Mas não consegui abrir a boca para protestar. E não foi só por causa do enorme choque e da indignação, mas principalmente porque fiquei magoada. Isso mesmo. Eu não queria que Joseph pensasse mal de mim, mesmo não entendendo o motivo de eu me importar com isso.
Levantei-me da cadeira, já sem apetite.
Lutando contra um nó dolorido que subia por minha garganta, finalmente disse:
— Você não sabe nada sobre mim. Nada. Então, não fique falando do que não conhece.
Por mais que ele tenha se assustado, pelo menos um pouco, com minha reação, ficou parado como uma estátua.
Enquanto eu me dirigia para fora da cozinha, sem me despedir de Karenina, escutei-a ralhar com Joseph como se ele fosse um garotinho levado. E não era isso mesmo o que ele era? Um filhinho de papai mimado?

EU: — Aí eu saí pisando duro e deixei o metido a besta sem fala!

Já fazia quase meia hora que falava ao telefone com Selena. Já que Andrej resolvera me dar carta branca para gastar à vontade, que mal havia em abusar das chamadas internacionais?
Proporcionalmente à minha vida em Belo Horizonte, era o mesmo que comprar balas na cantina da faculdade. Mixaria.
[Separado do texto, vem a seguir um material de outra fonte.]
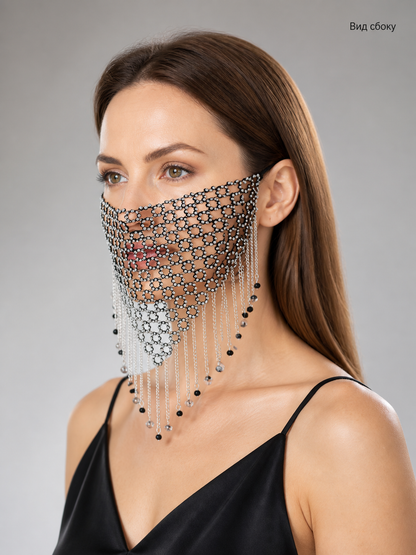 Side view of a black and silver chain mesh mask on a model, showing its layered chains and pointed lower edge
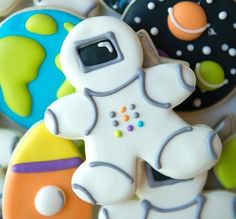 some cookies that are decorated to look like an astronaut's suit and space shuttle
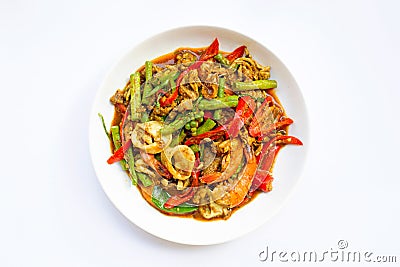 Spicy stir fried shimp, squid and pork with Thai Southern chili paste and longbean on white Stock Photo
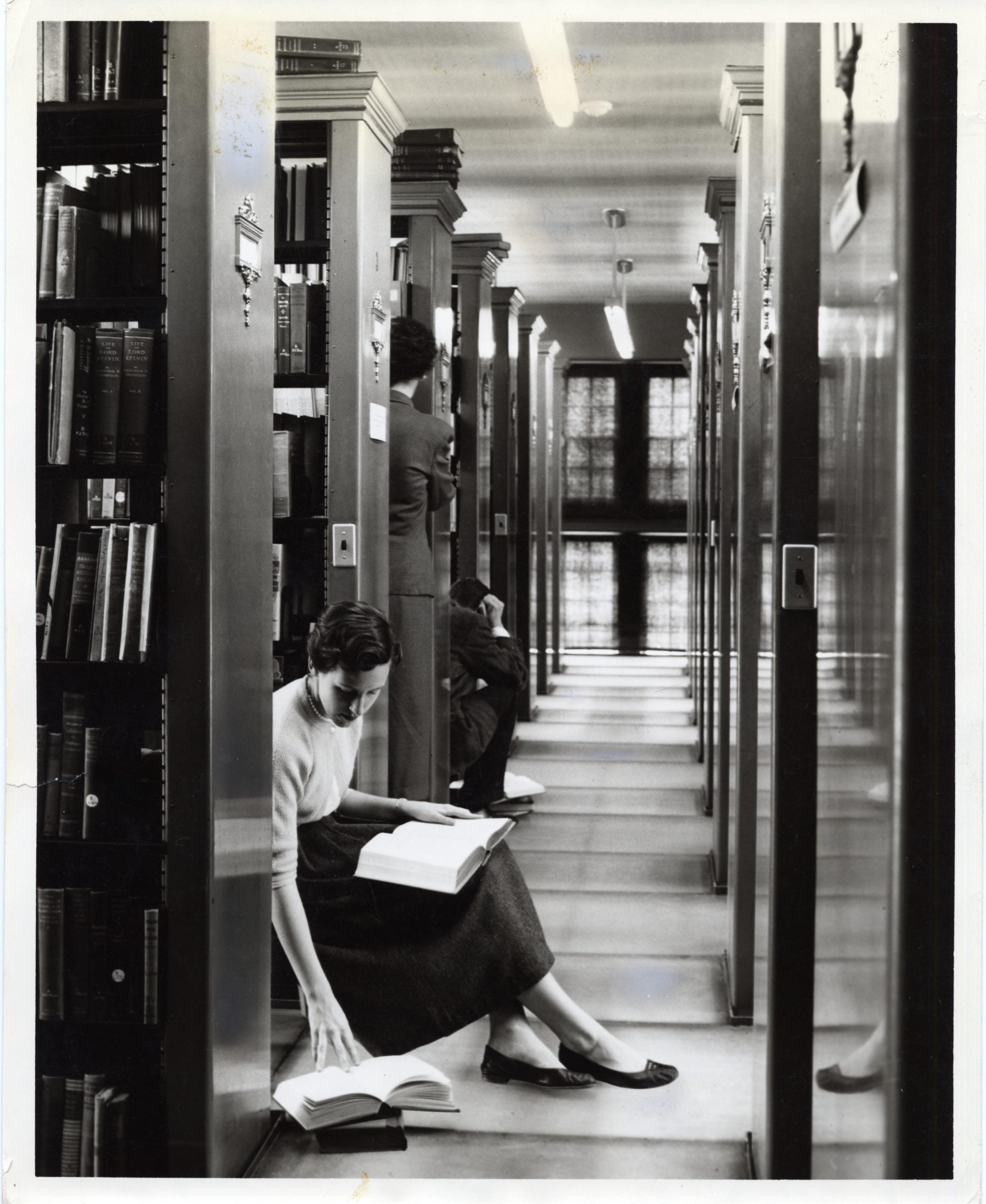 Photograph of students in between book stacks in Starr Library, in or around 1962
EU: — Até agora estou sem acreditar que o idiota teve a coragem de dizer na minha cara que duvida das minhas intenções. Vê se pode, Selena! Até outro dia eu nem sabia onde a Krósvia ficava no mapa!
Selena: — Demi, eu...
EU: — Desde o primeiro dia ele fica me encarando de um jeito irônico, com uma das sobrancelhas meio repuxada para cima, me avaliando como se eu fosse uma...
Selena: — Sinceramente...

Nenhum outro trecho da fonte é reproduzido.